We managed to recover most of the data on the RAID5 Disks, especially the Application. The database files were physically recovered, but I considered rebuilding the Database on the Server for the following reasons:
- The Server O/S was upgraded
- Oracle 9iR2 Software had to be reinstalled
- Data had changed in the last 3 days, as people were using the Secondary Setup. So, I needed to clone the production as the Secondary Setup.
- Using export dump of the Secondary Instance, create the Production Oracle Database.
- Using RMAN, clone the Production Oracle Database with the "Duplicate Target Database" command.
- Or, simply clone the Production Oracle Database using the Cold Backup of the Secondary Database.
The Application Testing was carried out to check the Application were running smoothly and for the Data Validation. Once the testing was successful, we registered the database in the Recovery Catalog, and took a full database backup. We had to ensure that the Oracle Services were owned by the Domain Administrator Account and not the Local Account for registering the database and taking a Full Database RMAN Backup ensuring that the Controlfile Autobackup and SPFILE backup was on the shared location along with the RMAN Backups.
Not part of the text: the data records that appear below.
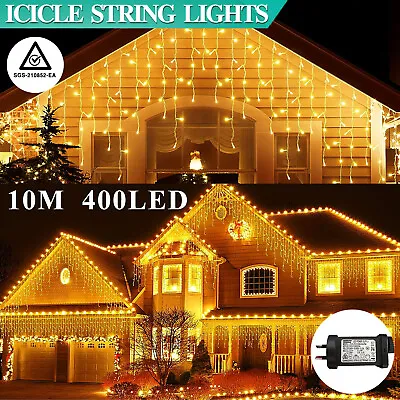 400LED Icicle Curtain Fairy Lights Wedding Indoor Outdoor Christmas Garden Party • $19.99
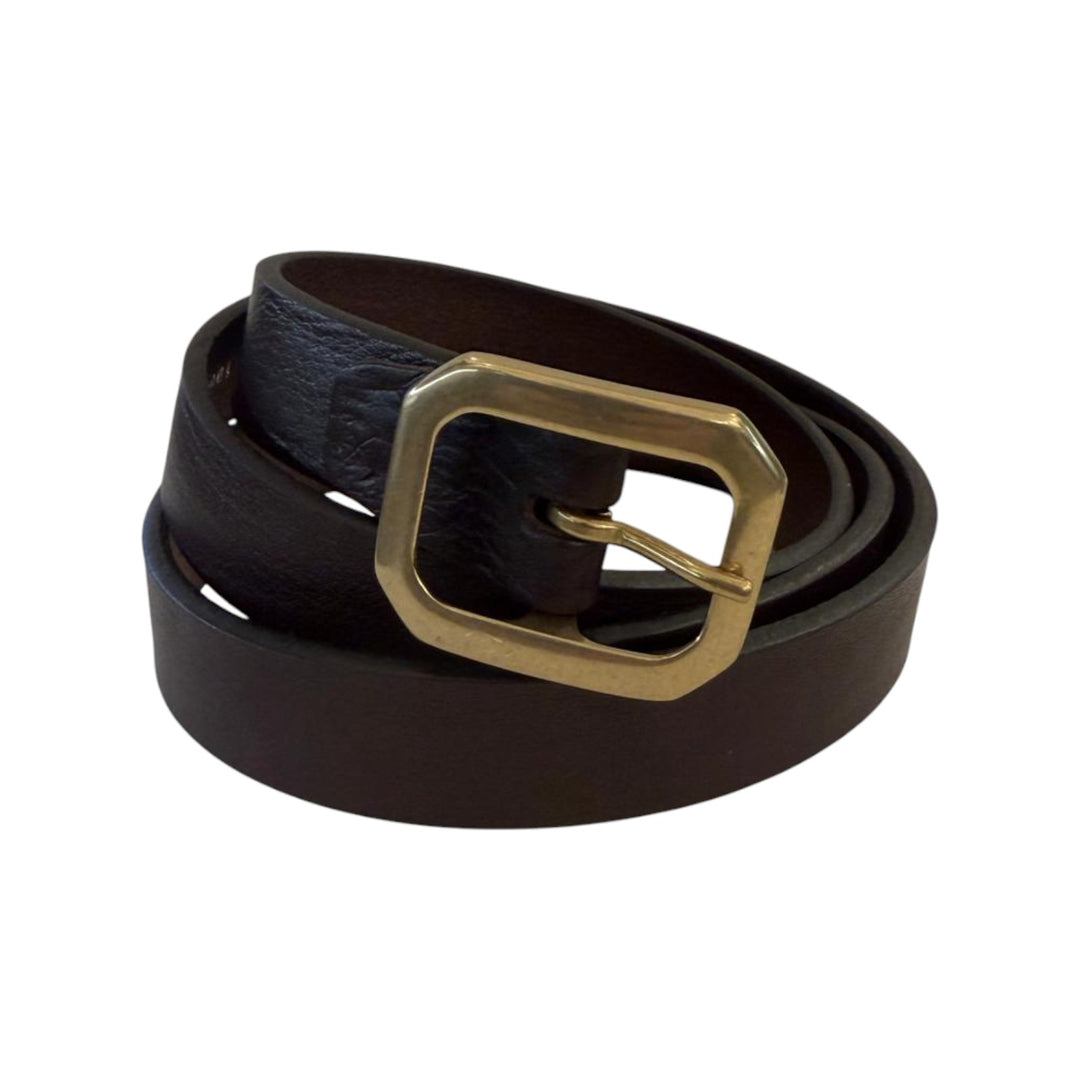 DARK BROWN LEATHER BELT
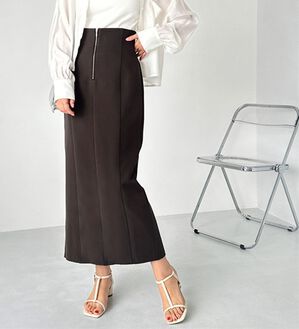 GeeRA（ジーラ）の「ＯＮ／ＯＦＦ使える！フロントファスナースカート（ロングスカート）」｜チャコール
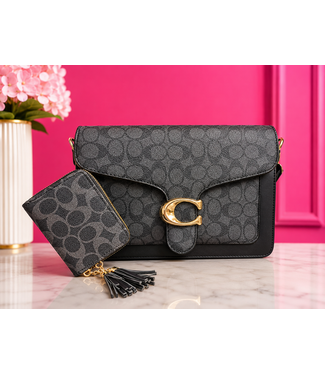 CEE CEE SHOULDER BAG & WALLET SET - BLACK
[Note: 145843.1 How to Configure RMAN to Write to Shared Drives on Windows NT/2000]
Once the backup was complete, the Temporary Setup was shutdown and we brought the Production Server online for all the users.
In the next 2 weeks, the following necessary arrangements were made for the short-comings seen in the Disaster Situation:
- Application Backup is daily ensured to Tapes
- Application files, as of 13th May 2009, have been backed up to DVDs. Every 15 days, Application files backup to DVDs is being ensured.
- A Temporary Server was arranged by IT Administrators and has been cloned (using RMAN) same as that of the Production Server. Scheduled Jobs run at 3 intervals so as to Clone the Secondary database is put in place. The cloning process takes more than 2 hours to complete. In case of an unforeseen disaster, we can easily switch to the Secondary Server with a minimal Data Loss.
- Source Code Backup and its relevant Document Control is strictly ensured prior to moving to Production.
- After the Production Server’s Operating System Upgrade to Windows Server 2003, the RMAN backup location has been changed to SAN Storage location, which is further backed up to Tapes by the IT Administrators. The earlier RMAN backup performance issue of 13 hours has been resolved. Now, the backup completes in less than an hour. You can read about it here.
- For the next 3 months, we will be carrying out planned monthly recovery of complete Application from the Tapes and/or the DVDs. Once the recovery simulation comfort level is attained, we can carry out the simulation every Quarter.
- Finally, the new Server Procurement Process has been started, and which server to purchase has been finalized.
- 4 am: Clone after the Full Database RMAN Backups
- 11 am: Clone in the mid of the Working Day (after all Archivelog Backups are available up to 11 am)
- 4 pm: Clone at the end of the Working Day (after all Archivelog Backups are available up to 4 pm)